After Christie’s sale was Sotheby’s, AI ART festivals, AI ART Galleries, AI ART blogs, and AI ART you-name-it. They all had one thing in common, seek attention! Attention seeking, consumes huge amounts of time with the branding, emailing, tweeting, blogging, posting, press-releases, SEO ranking and so on and so forth.
At this point, I had to decide between two fates:
- Listen to my ego and fall for the trap of endless “there is more success and status” if only I would talk here or pose there…
- Keep doing what I love with no distractions what so ever and from time to time I might share something that I truly like and that will have a positive impact.
Sure, I did make the first sound bad but not very bad. I could have added a few lines about its consequences of “Jeff Kooniness” that one has to forcefully embrace. With no offense to any of the artists that have chosen the first path, people believe in them after all they read in the news and watch on TV. The value of their art no matter how stunning or dull is a product of branding that is a confusing beauty in the mind of the beholder.
“Those who reinvent the wheel have more time to talk about the invention than those who invent it”

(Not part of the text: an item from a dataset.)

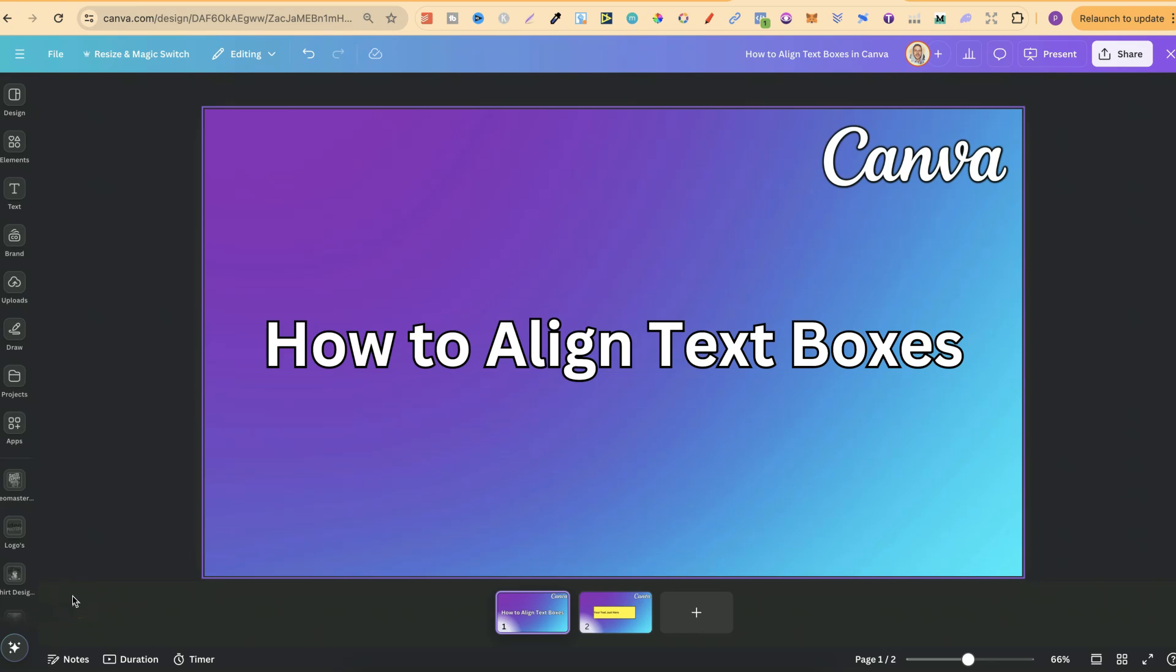In this tutorial, I'm going to show you how to align text boxes here in Canva.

To go back to the perks of anonymity in the sense of having no outstanding, individual, or unusual features; unremarkable or impersonal. Without any further due:
- Once you are famous for something specific (style, theme, domain), it is hard to switch to something else, especially if you become attached to fame. The anonymous or less known is free to pursue any gut-instinct or passion anytime, whereas the celebrated will have to stick to contracts and engagements that could influence his or her art.
- The attention-seeking institutes and organizations want big names in their conferences and summits. If you’re not a big shot, regardless of how good is your art or terrible, you are of no interest to them. That said, your participation in these events or listings of artists are not based on your art but on how much importance your presence can give these organizations. If you search for AI Artist, you will come across a listing that does not have the two people that inspired me or me and that makes perfect sense and gives us more time to create and less time to pose.

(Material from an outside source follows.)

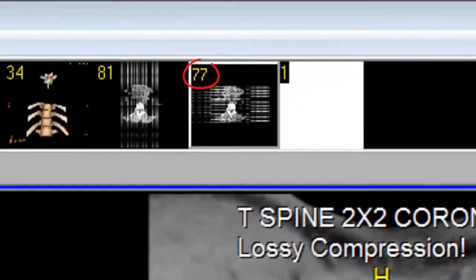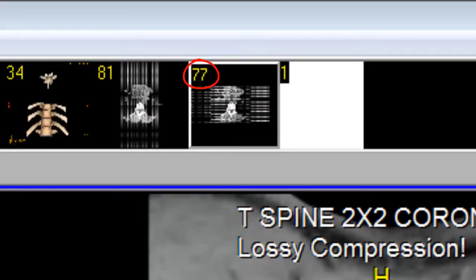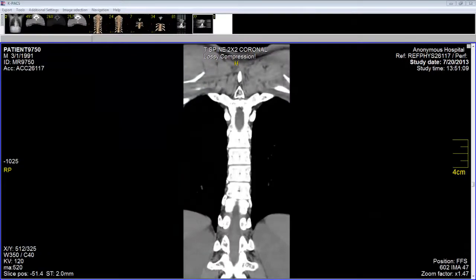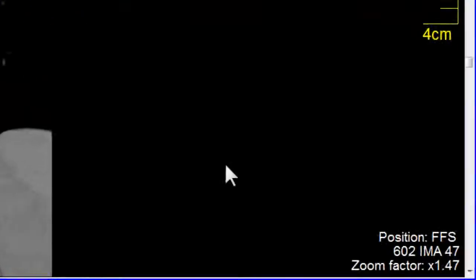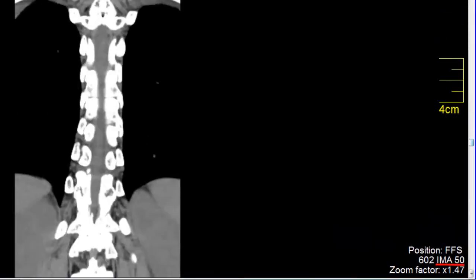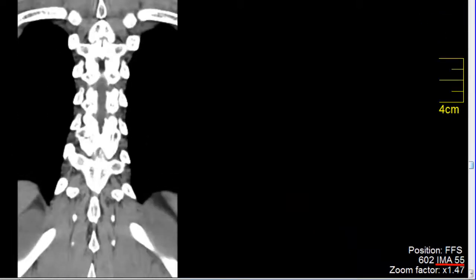This stack of coronal sections has a total of 77 slices. As we scroll up and down through the stack, how do we know what section we're looking at? The answer is found in the bottom right-hand corner. We're looking at image 47. As I scroll down through the stack, the numbers get larger.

- When an anonymous sells an artwork we know for sure that it is because the artwork was good. When a celebrity cells an artwork nobody knows whether it was for the signature or the quality of the work. I have done 2 exhibitions in which I was introduced with a different name. I did not want people to research me in advance or like me for the share of fame I unintentionally brought into my life and no longer wish for henceforth. The experience was incredible. In one exhibition, I met people who insisted that I’d be introduced to a gallerist they know as they saw potential in the seemingly anonymous artist.
- Peace and freedom cost a lot these days and fame is not how to have them. On the contrary!
This article was inspired by a conversation I had with one of the anonymous artists with amazing talents and potential without knowing it.
I would like to take this opportunity to remind everyone that AI will not replace artists and although we have been doing generative and algorithmic art for half a century, it did not get a hundredth of the attention that the AI ART buzz got.